Funny—that same openness seems delightful now. These red-sequined dancers have no inhibitions. They move with utter freedom, with the joy and confidence of being at ease in their own skins. And that ease is rubbing off on the rest of us. My kids grin at me and point to their favorite dancers onstage. On my lap, Thomas rocks to the beat. In a few years he’ll be old enough to join the dance troupe. I can’t wait.
After the hip-hop number comes a holiday medley. During “Santa Claus Is Coming to Town,” a teen boy in a leather jacket and a red Santa hat takes center stage and strikes Elvis-style poses, while a posse of teen girls dances around him. A gorgeous little girl with long brown hair and tiny glasses dances solo to “I Saw Mommy Kissing Santa Claus.” The final number, “Jingle Bell Rock,” brings down the house. Flushed and happy, we cheer wildly as the dancers bow.
The crowd quiets as the next group of performers comes onstage: madrigal singers from the local high school. Sixteen in all, the girls wear matching emerald-green formal dresses, the boys wear tuxedoes. They sing with measured voices polished to a shine, moving gracefully into different formations with slick theatrical style. Chestnuts roast in the warm glow of their voices; sleigh bells ring in pitch-perfect harmony.
The piano accompaniment ends, and the madrigals begin singing a cappella, a beautiful Christmas song I’ve never heard before. Round, clear notes soar through the room, creating a magical moment when the world stills and the air fills with beauty.
But instead of joy, my heart wells up with incredible sadness. These young men and women are breathtakingly talented, bright and beautiful as snowflakes, brimming over with gifts for the world. The contrast between them and the Sparkly Pals twists my heart with grief.
Then a new song starts. “Rudolph the red-nosed reindeer . . .”

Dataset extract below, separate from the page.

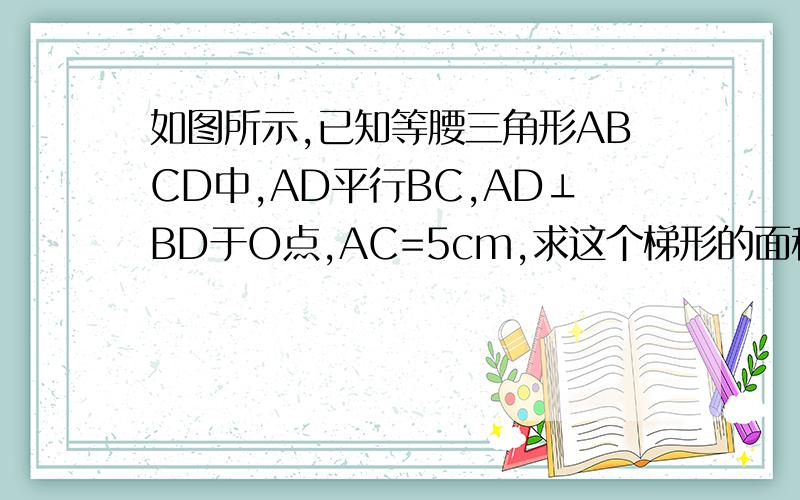 如图所示,已知等腰三角形ABCD中,AD平行BC,AD⊥BD于O点,AC=5cm,求这个梯形的面积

The kids in the audience—those with Down syndrome and those without—sing along with the madrigals, shouting “like a lightbulb!” and “like Monopoly!” at the right times. But I can’t smile. Thomas will never be able to compete with these superkids onstage and the “normal” kids in the audience. He’ll struggle to learn basic skills that they pick up without effort, and even if he does his very best, he still won’t measure up. I picture people staring at Thomas, teasing him, ridiculing him. He doesn’t have a shiny red nose, but because of his extra chromosome he’ll forever stick out in a crowd, just like Rudolph .

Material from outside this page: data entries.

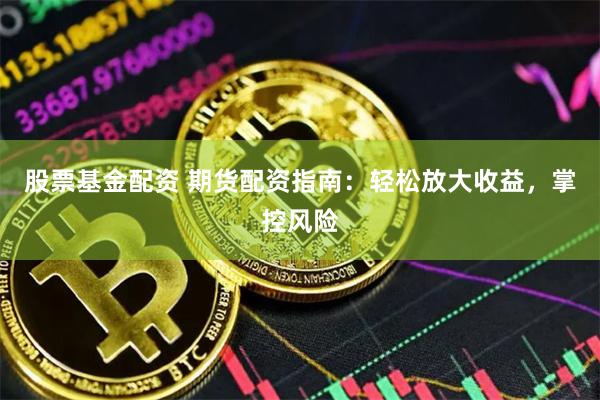 股票基金配资 期货配资指南：轻松放大收益，掌控风险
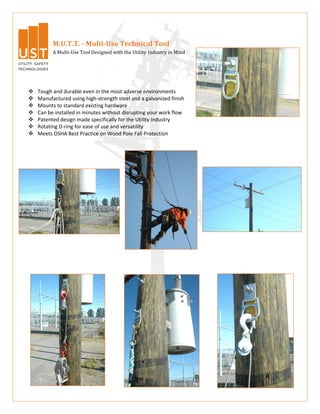 M.U.T.T. - Multi-Use Technical Tool
          A Multi-Use Tool Designed with the Utility Industry in Mind




   Tough and durable even in the most adverse environments
   Manufactured using high-strength steel and a galvanized finish
   Mounts to standard existing hardware
   Can be installed in minutes without disrupting your work flow
   Patented design made specifically for the Utility Industry
   Rotating D-ring for ease of use and versatility
   Meets OSHA Best Practice on Wood Pole Fall Protection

Smiling as they sing, the girls in formal dresses stretch their arms forward, beckoning for the kids with Down syndrome in the front rows to join them onstage. Then the guys motion with their arms, inviting those in the back rows to come forward. Adults hoist the children up one by one until the stage is full.
They sing together onstage, arms around each other’s shoulders, swaying to the music in an unlikely combination of formal gowns, tee-shirts, tuxedoes, and bright red sequined jackets. The madrigals’ careful steps give way to easy, spontaneous movement. Bow ties are knocked askew. Tendrils of hair escape from the girls’ elegant up-dos. Within moments, they’ve transformed from meticulous performers to starry-eyed children eager for Christmas.

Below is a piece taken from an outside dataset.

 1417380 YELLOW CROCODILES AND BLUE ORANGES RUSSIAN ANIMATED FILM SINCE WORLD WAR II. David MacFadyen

By the time “Rudolph” ends and “Jingle Bells” begins, my sadness is gone. Kids with Down syndrome might not ever look or sound like madrigal singers, but they have other gifts to give the world. I see those gifts onstage now in vibrant color. Friendship flows with the music, and pure joy shines on every face. I realize that every person, no matter how many chromosomes they have, can offer peace on earth and goodwill toward men—the ultimate gift. And we might be surprised by who ends up lighting the way.